The environmental risk from TFA as degradation product of CFCs substitutes can be deduced from the value of the ratio of exposure to effect, or of Predicted Environmental Concentrations to Predicted No Effect Concentrations (PEC/PNEC). To derive a PEC, production and releases of parent compounds, along with rates of transformation into TFA, have been modeled. A range of concentrations in rain water has been calculated, taking into account geographical variations (OH radical concentrations, amount of rain, regional releases of parent compound). A rough average concentration of 0.1 µg/l in rainwater, by the year 2020, is taken as a global PEC. But an important question remains concerning the origin of the large current levels of TFA which have been measured in the environment (fresh and marine surface waters, rain and air) and which cannot be explained by the known industrial sources.

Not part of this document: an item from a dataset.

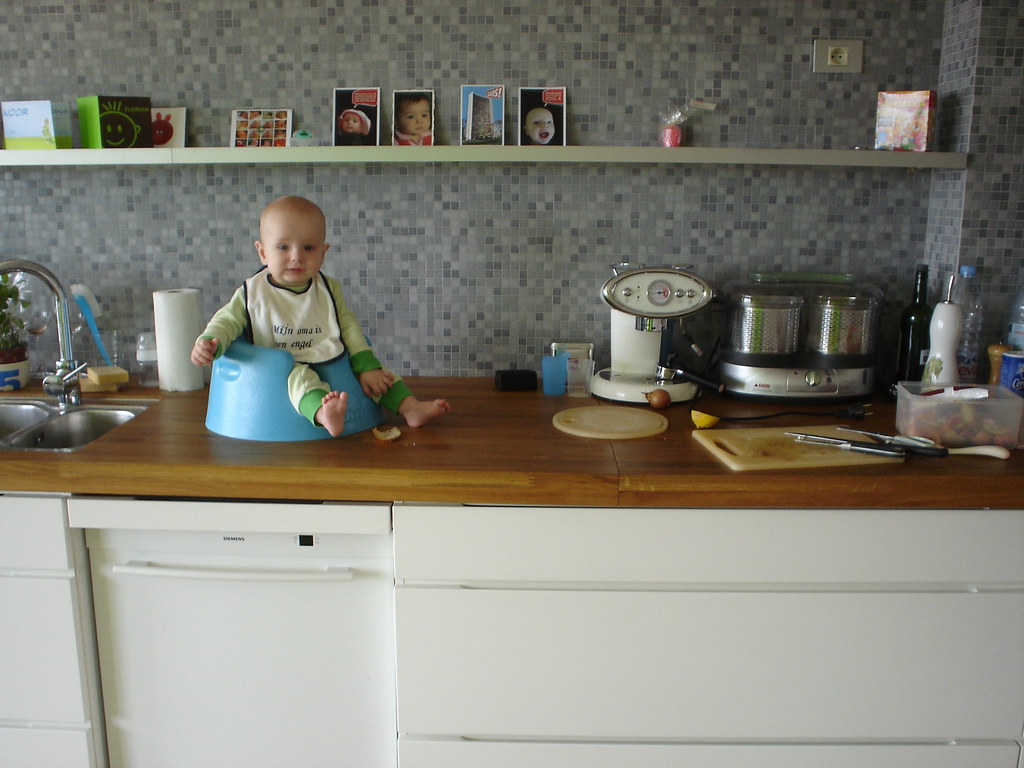 bébé sur plan de travail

    The physico-chemical properties of TFA allow a prediction of no bioaccumulation in animals. In terrestrial plants, accumulation can take place but is transient and effects on vegetation can be observed only in experiments using non environmentally relevant concentrations (102-106 mg/l).

    TFA is not retained in soils, with the exception of those having high organic content; in this case, it is uncertain if it can still be bioavailable. Generally speaking, TFA remains associated with water and has been shown to be not effective on several types of metabolism related to basic biogeochemical cycles.

    Given the fact that deposited TFA would remain in water, a number of studies have been done aiming to derive a PNEC in the aquatic compartment. Standard acute tests on fish and daphnia carried out with NaTFA show no effects on animals at large concentrations (up to 1 g/l TFA). This is reinforced by toxicological data on mammals. On the other hand, the NOEC for the standard algal species Selenastrum capricornutum is around 0.10 mg/l (as TFA). To see if this sensitivity was general among algae, 10 other species belonging to 4 different classes have been tested: no one was sensitive to NaTFA (NOEC> 100 mg/l). It is proposed to use as a PNECaqua (the NOEC of this species of algae) as a worst case, without any further safety factor. So, PNECaqua=0.1 mg/l.

    A large amount of research has been devoted to effects on higher plants, as they could be exposed to TFA in rain water through leaves and stems and TFA in pore water through roots. A few tested species (selected among those having an important role in feeding people and cattle) show a significant sensitivity to TFA (as NaTFA). The threshold for effects on wheat and soya is around 5 mg/l with a NOEC=1 mg/l. Other studies show that nitrogen fixation is not affected up to 1 mg/kg soil. Therefore, a conservative figure could be PNEC soil = 0.1 mg/l.

    No significant risk is anticipated from TFA produced by atmospheric degradation of the present and future production of HCFCs and HFCs, as there is a 1000-fold difference between the PNEC and the PECs.